About this task —
Your answer should be the exact lines of the data below from the one containing "kitchen with light" through the one containing "or text Man's"; please include nothing else.

Input records —
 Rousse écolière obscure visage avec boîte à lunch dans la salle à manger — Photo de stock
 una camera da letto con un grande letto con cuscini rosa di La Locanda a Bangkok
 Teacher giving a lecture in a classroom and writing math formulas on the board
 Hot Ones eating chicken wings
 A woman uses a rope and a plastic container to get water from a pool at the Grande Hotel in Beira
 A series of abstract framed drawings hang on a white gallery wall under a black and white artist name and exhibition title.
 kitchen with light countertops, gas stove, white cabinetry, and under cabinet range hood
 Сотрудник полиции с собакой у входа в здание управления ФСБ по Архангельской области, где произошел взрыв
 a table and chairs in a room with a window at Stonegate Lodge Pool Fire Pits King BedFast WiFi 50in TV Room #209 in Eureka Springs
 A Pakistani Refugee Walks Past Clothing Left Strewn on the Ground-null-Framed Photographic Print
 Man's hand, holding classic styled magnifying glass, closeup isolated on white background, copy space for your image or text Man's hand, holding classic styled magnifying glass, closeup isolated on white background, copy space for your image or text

* * *

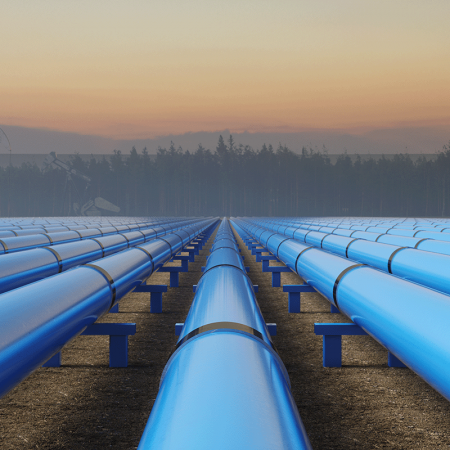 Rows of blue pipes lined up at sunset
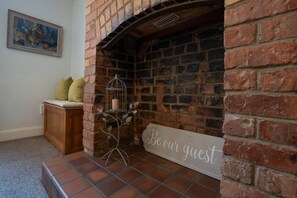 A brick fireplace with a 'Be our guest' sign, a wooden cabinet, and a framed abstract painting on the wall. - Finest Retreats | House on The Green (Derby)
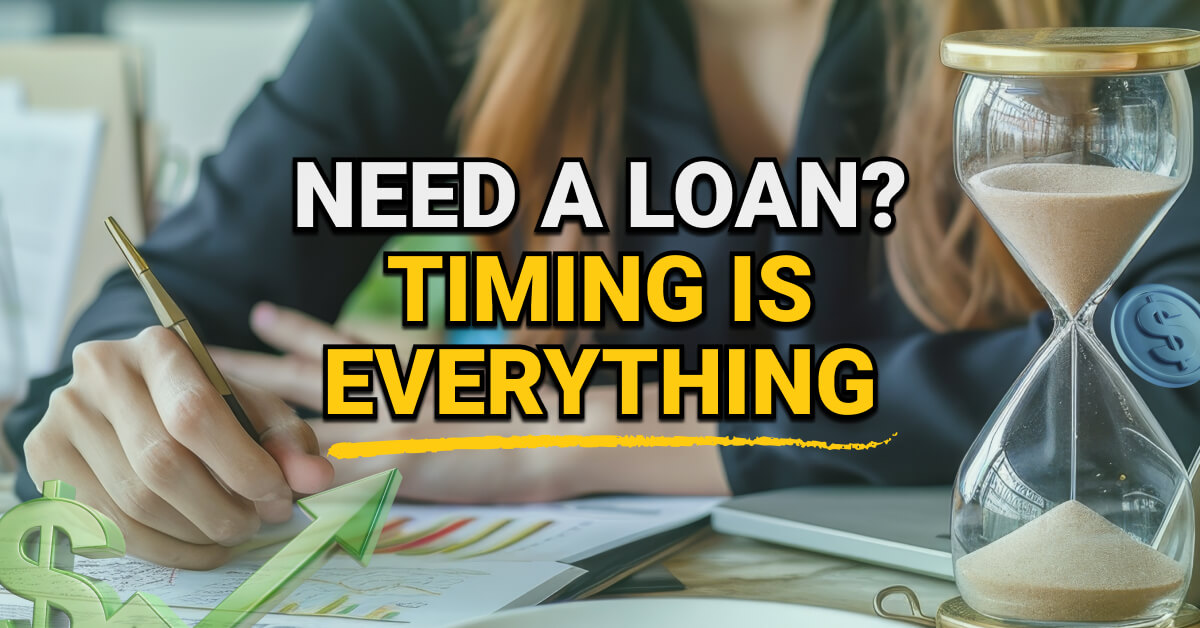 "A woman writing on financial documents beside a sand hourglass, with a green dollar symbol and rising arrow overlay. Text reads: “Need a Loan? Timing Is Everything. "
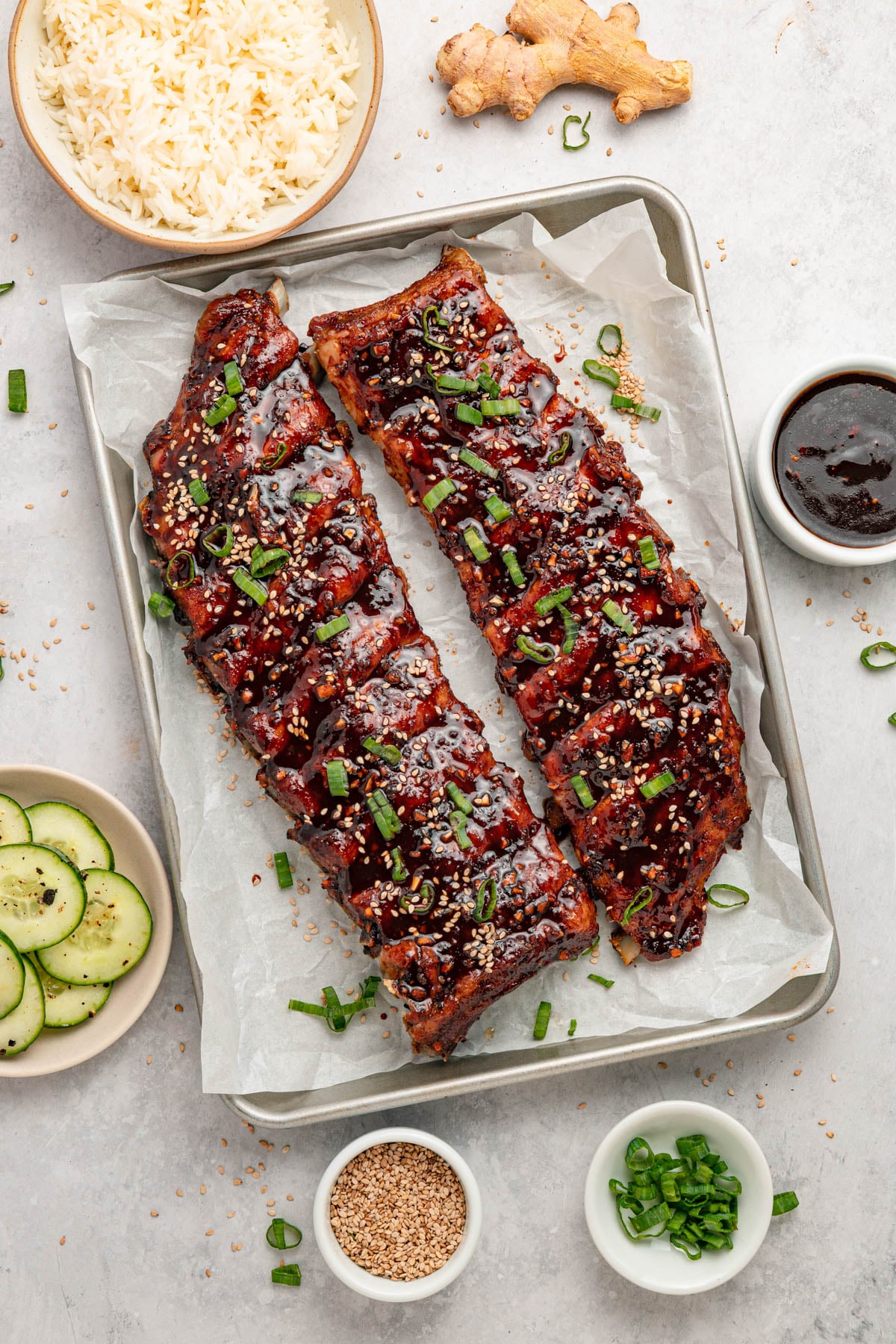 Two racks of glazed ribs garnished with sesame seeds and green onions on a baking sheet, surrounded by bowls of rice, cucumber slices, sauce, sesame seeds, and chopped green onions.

* * *

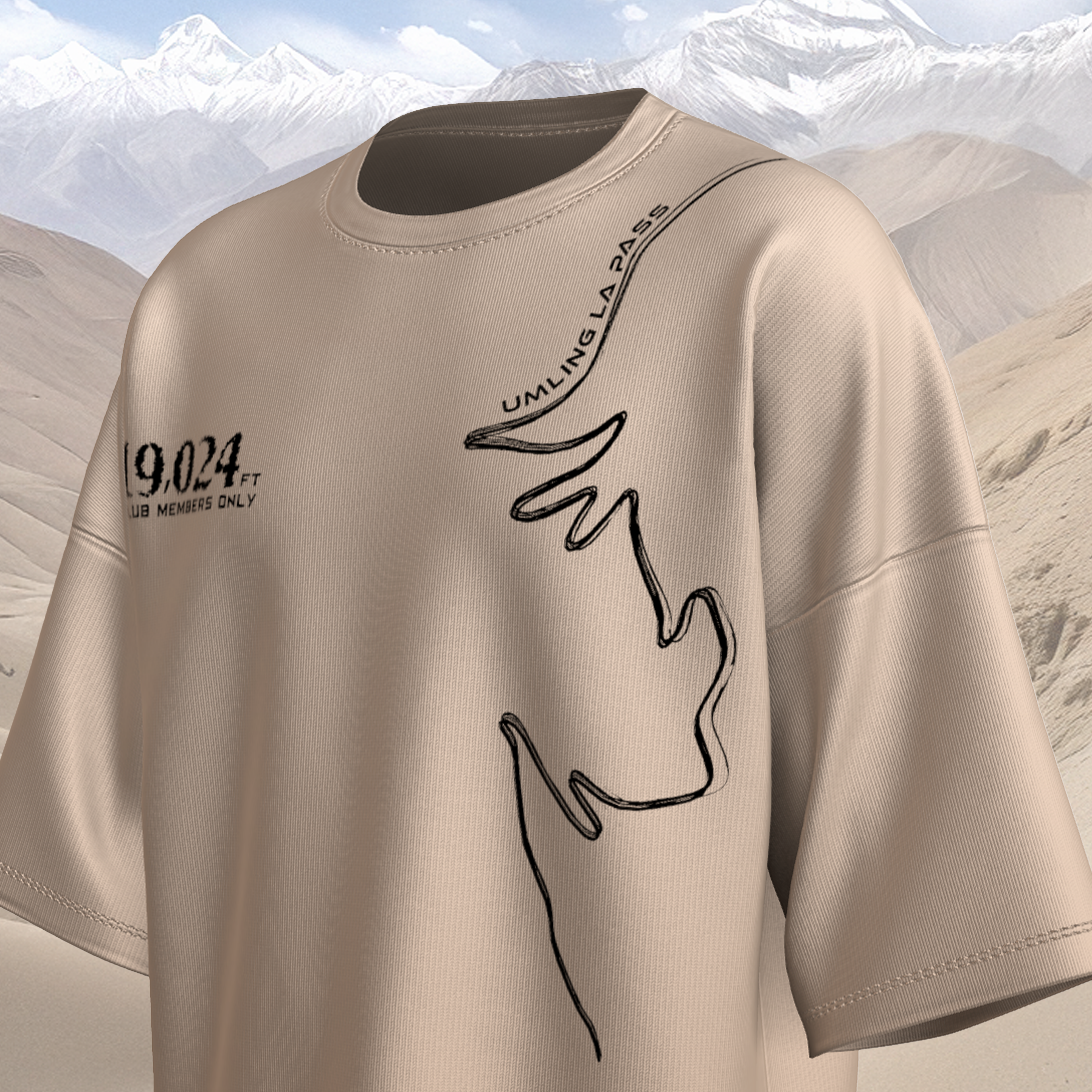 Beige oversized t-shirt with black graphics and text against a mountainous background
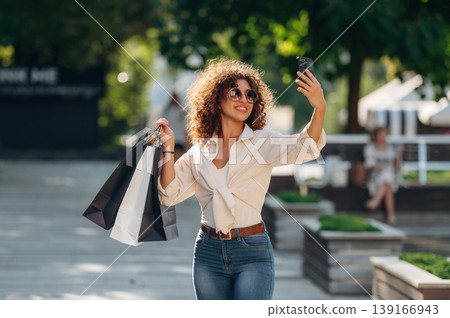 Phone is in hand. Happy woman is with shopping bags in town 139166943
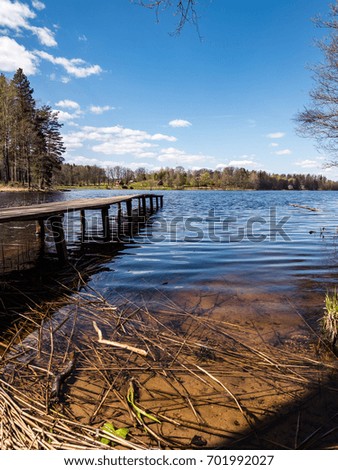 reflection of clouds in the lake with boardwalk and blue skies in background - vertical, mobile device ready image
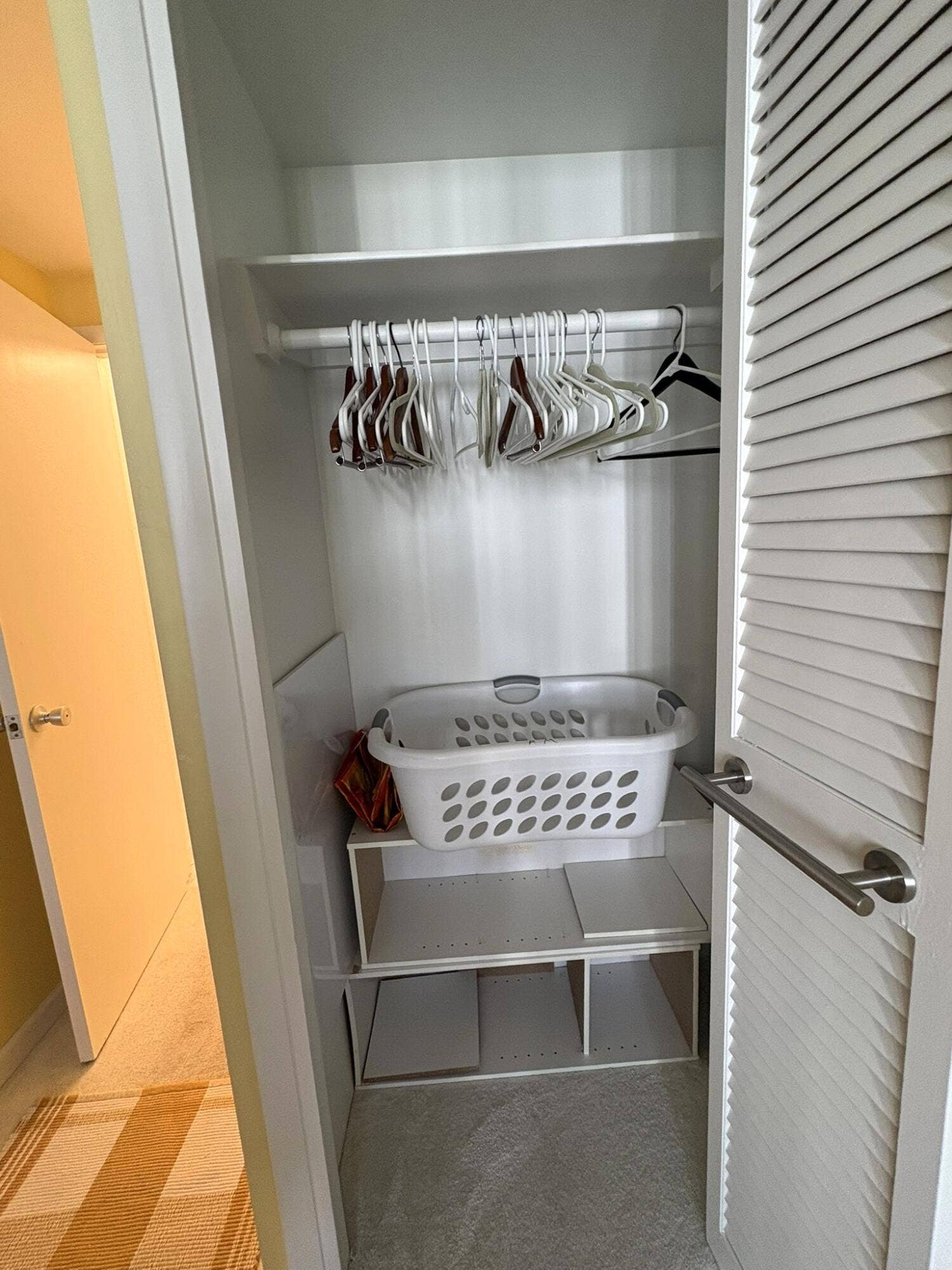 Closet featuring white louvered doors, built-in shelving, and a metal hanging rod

Task answer —
 kitchen with light countertops, gas stove, white cabinetry, and under cabinet range hood
 Сотрудник полиции с собакой у входа в здание управления ФСБ по Архангельской области, где произошел взрыв
 a table and chairs in a room with a window at Stonegate Lodge Pool Fire Pits King BedFast WiFi 50in TV Room #209 in Eureka Springs
 A Pakistani Refugee Walks Past Clothing Left Strewn on the Ground-null-Framed Photographic Print
 Man's hand, holding classic styled magnifying glass, closeup isolated on white background, copy space for your image or text Man's hand, holding classic styled magnifying glass, closeup isolated on white background, copy space for your image or text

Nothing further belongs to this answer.